(Scraped caption text data)
──────────────────────────────
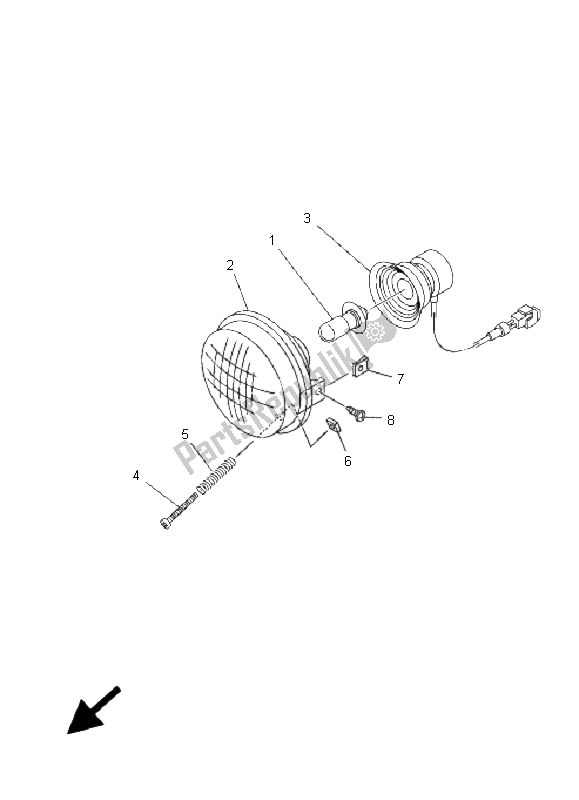 All parts for the Headlight of the Yamaha YFM 350 Grizzly 2X4 2009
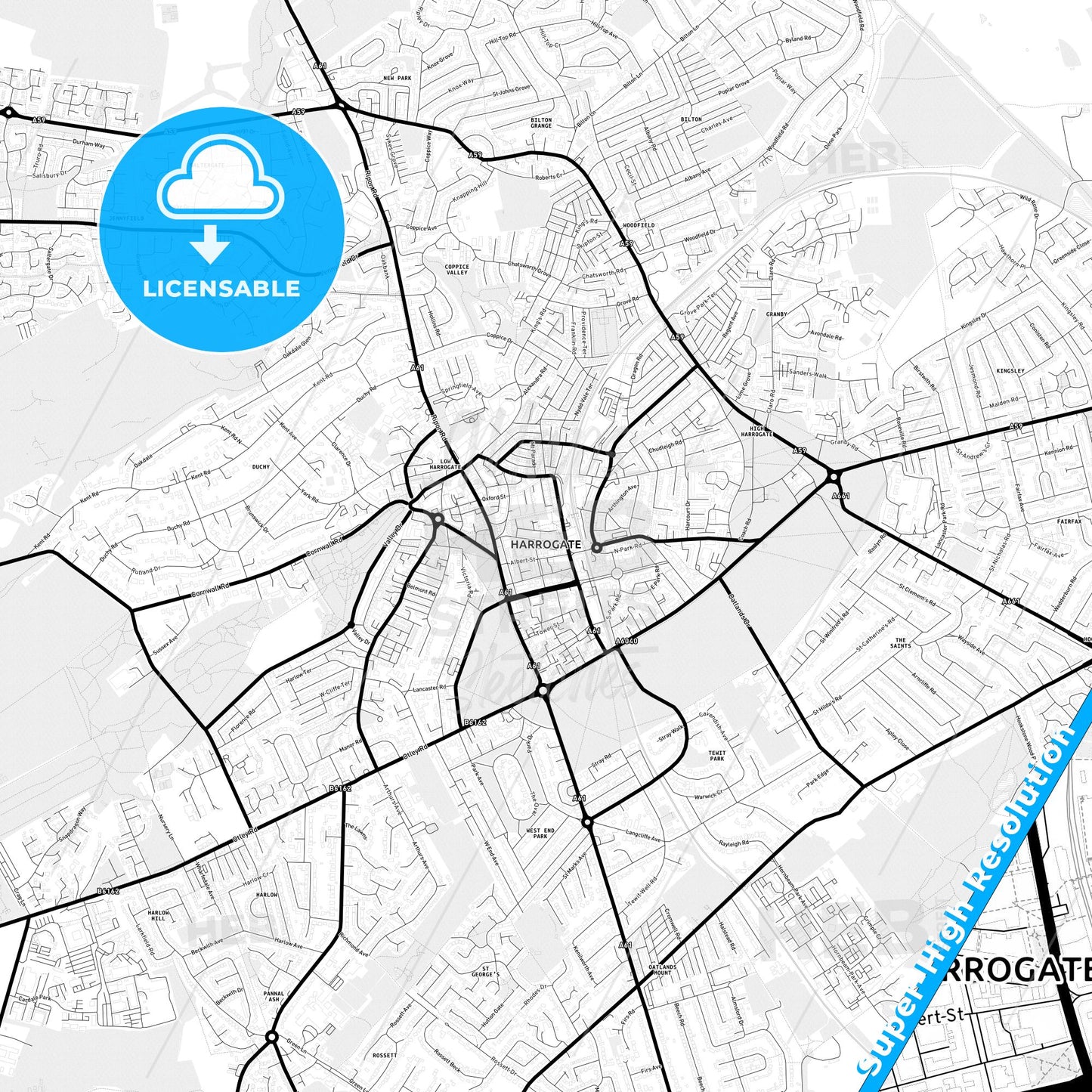 Harrogate, England Light Map with Street Names, City Names, and Districts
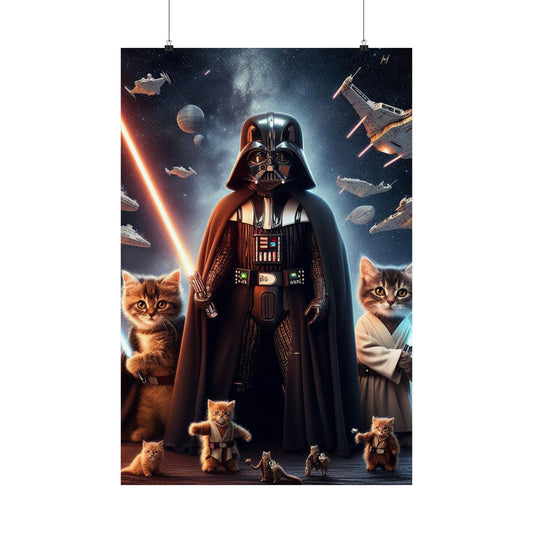 The Purr-fect Addition Stunning Wall Art Featuring the Star Wars Cat Universe Poster Printify 24″ x 36″ Matte 
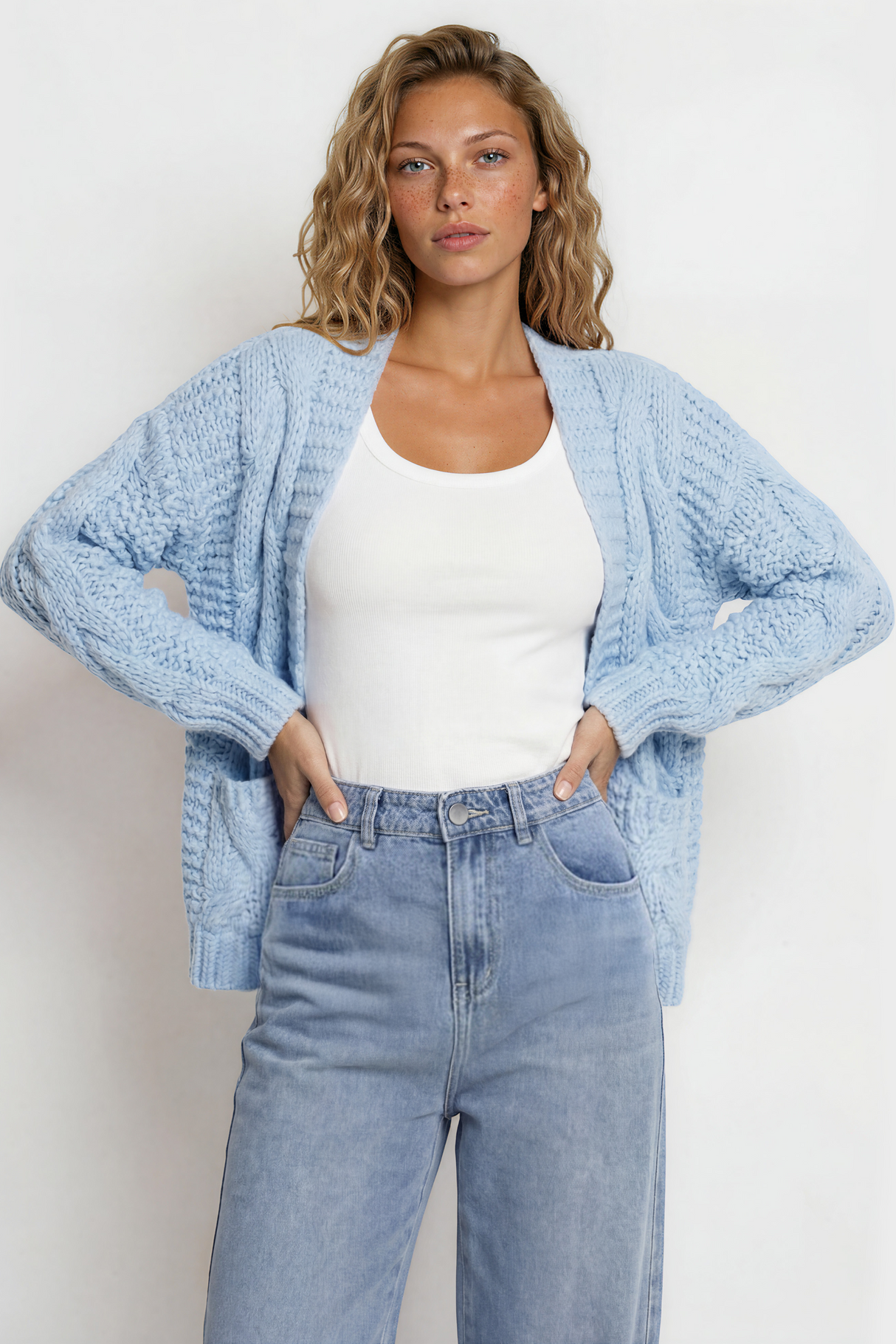Model wearing Elias Cardigan in Blue from Salty Crush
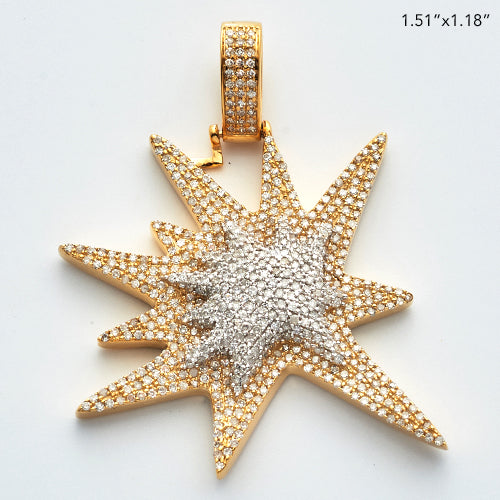 10KY 1.15CTW DIAMOND EXPLOSION EMOJI PENDANT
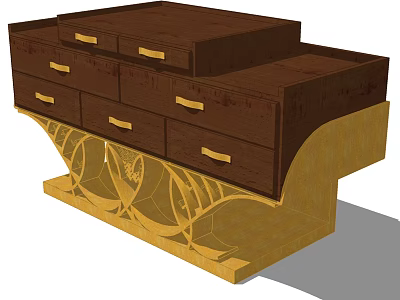 Dark Brown Console Side Cabinet With Multiple Drawers And Golden Decorative Base 3d model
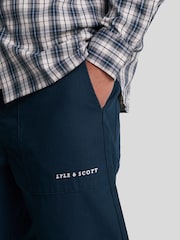 Lyle & Scott Blue Tapered Large Pocket 100% Cotton Trousers - Image 4 of 5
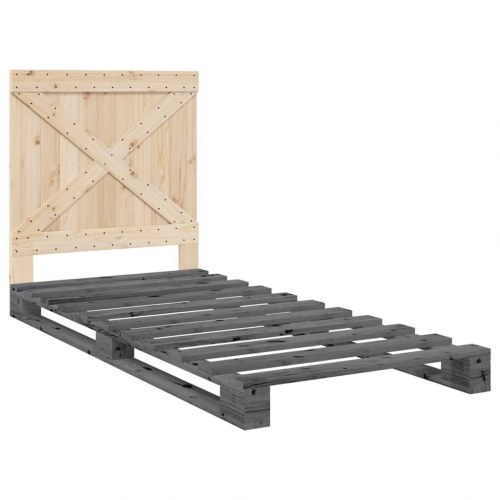 Sengeramme med sengegavl 90 x 200 cm i massivt fyrretræ - grå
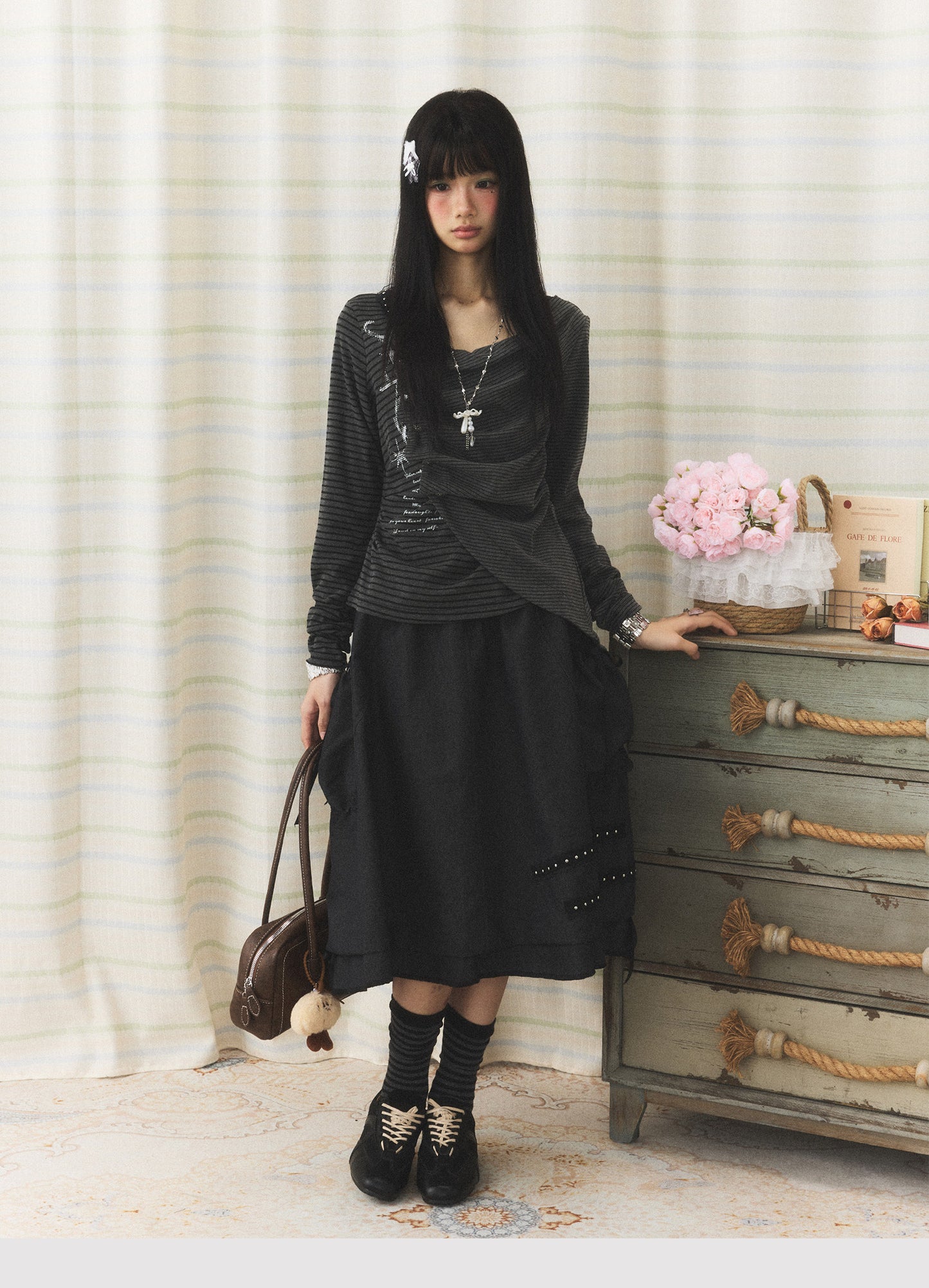 Charcoal Stripe Studded Draped-Neck Long-Sleeve Top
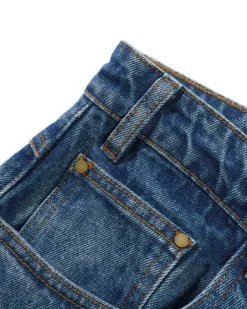 Wide Cut Denim Jeans, Mid Blue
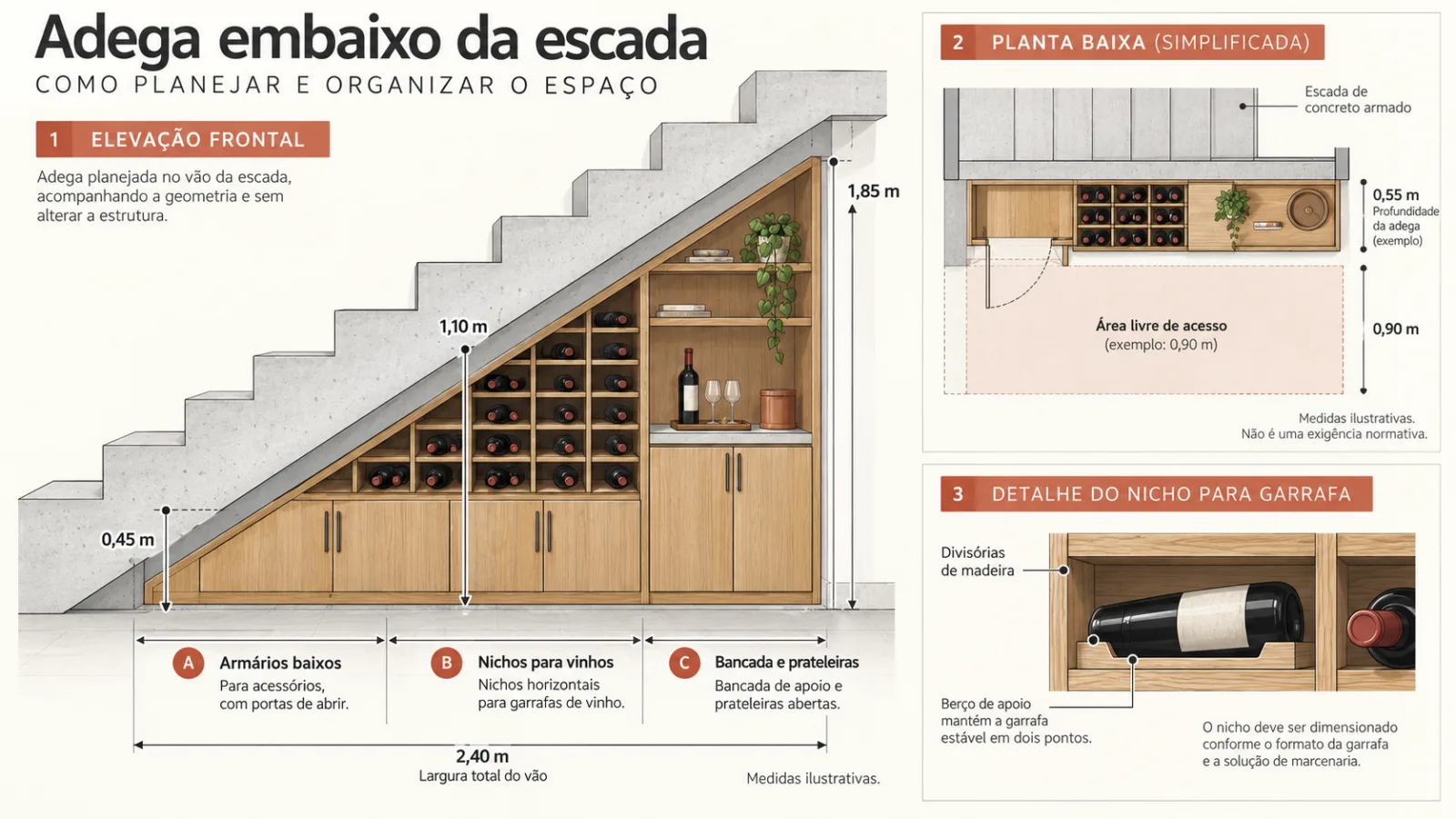 Adega embaixo da escada: 10 ideias para aproveitar o espaço 12 Desenho técnico de adega embaixo da escada com elevação frontal, planta baixa, medidas ilustrativas e distribuição dos módulos para vinhos.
──────────────────────────────
■ **TASK ITEM**
Repeat, with no pictures, every line from the top of the entries above through the line that has "The Purr-fect Addition", keeping each one exact.

■ **TASK OUTPUT**
 All parts for the Headlight of the Yamaha YFM 350 Grizzly 2X4 2009
 Harrogate, England Light Map with Street Names, City Names, and Districts
 The Purr-fect Addition Stunning Wall Art Featuring the Star Wars Cat Universe Poster Printify 24″ x 36″ Matte 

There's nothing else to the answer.